Saturday 17 December 2011, 10:52 AM by

Toyota Motor Corporation aiming to strengthen sales with revamped Camry is under threat by converging competition in the mid-size league. Japan based auto maker's flagship model is up against escalating competition besides discouraging economic factors. The top-selling U.S. passenger car from Toyota's stable was launched in October with the view to fuel sales for the auto maker, which were rammed by Japan’s earthquake and tsunami.

As a consequence, the auto maker's earnings forecast went down by 50 per cent for the year ending in March. Mid-size league players in U.S. are continuously pressurising the model that has been doing commendably well, toppling the segment for the past 14 years. “There’s a lot of pressure on that car. It’s been reviewed as being competitive within the mid-size sedan segment, but not that much better or worse than competitors. Right now, the perceived design leader is Hyundai’s Sonata, and Kia’s Optima is also doing well.” said Maryann Keller, an auto analyst and President at Maryann Keller & Associates.

Meanwhile, Toyota Motors Corporation is doing its every bit to maintain the segment leading stint of Camry in U.S. “We have been increasing the volume of shipments to our dealers since we began production in September,” said Steve Curtis, a spokesman for the company’s U.S. sales unit. Mike Goss, a spokesman for the company’s manufacturing unit, quoted, “We are running full production on Camry lines as we continue to replenish inventory and meet market demand.”

Meanwhile, Toyota Camry seems losing on its pricing credibility, with the overwhelming response received by Hyundai Sonata and Kia’s Optima and Ford Fusion that are positioned in the same price bracket. Against 23,440 Camry units sold in November, 15,668 Sonatas and 9,533 Optimas were sold. Production delays for Toyota have cut down sales volume by 7.3 per cent, whereas Sonata's volume climbed up by 15 per cent and Optima registered triple sales growth from last year.

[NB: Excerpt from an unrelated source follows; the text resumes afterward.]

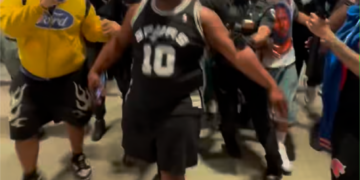 Cops escort the Spurs fan away on June 13, 2026.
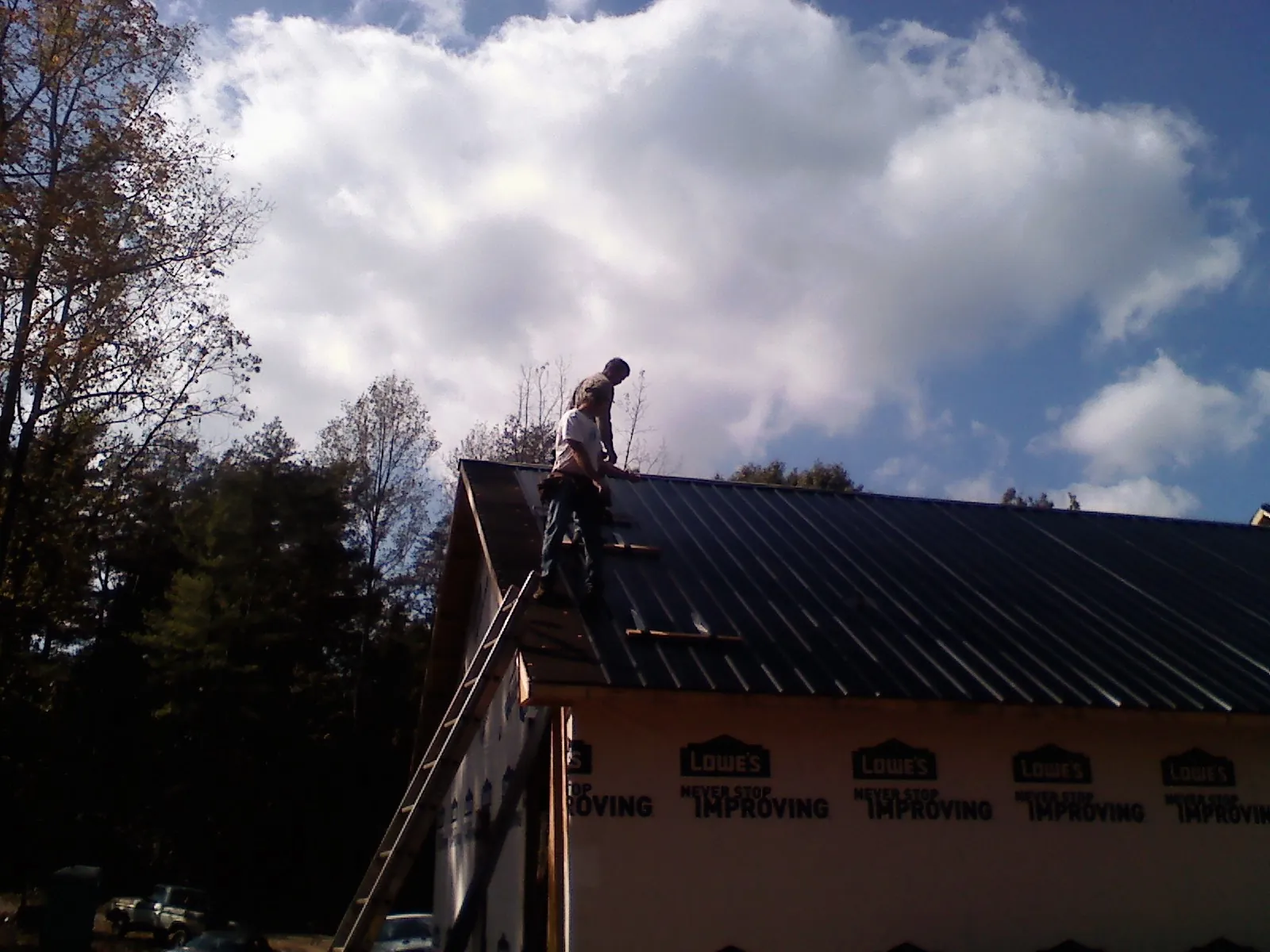 Roofer fastening dark metal panels high against a cloudy sky, from a Roof Inspection job in Waldport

For 2012, Toyota in U.S. aims of sell 360,000 Camrys. The company has sold 275,004 units of the model in the first 11 months of 2011, surpassing Nissan Altima’s 243,005 units and Honda Accord's 217,958 units. For North America, Toyota Camry is produced at Toyota’s plant in Georgetown (Kentucky) and also at the under contract Subaru plant in Lafayette (Indiana). After a quake and tsunami that led to production slowdown, the capacity of these plants was lowered, which can collectively produce 500,000 cars annually.

Toyota Camry's latest edition is claimed by the auto maker to be more fuel-efficient and smooth to handle. Moreover, sedan has various added safety arrangements due to which it received a top score in federal crash tests. The revamped version has rounder edges besides roomier rear seat and bigger trunk. In terms of cabin space, it beats counterparts such as Accord, Sonata, Optima, Altima, Fusion and Malibu. It has the highest fuel economy rating in four-cylinder mid-size segment; another aspect that lures target group.

Thailand’s floods have disrupted production in 2011, as auto maker fell short of components, which turned in favour of rivals of Camry in U.S. With competition getting narrower in the mid-size segment, Toyota Camry is under tremendous pressure to restore situation for Toyota in key market of US.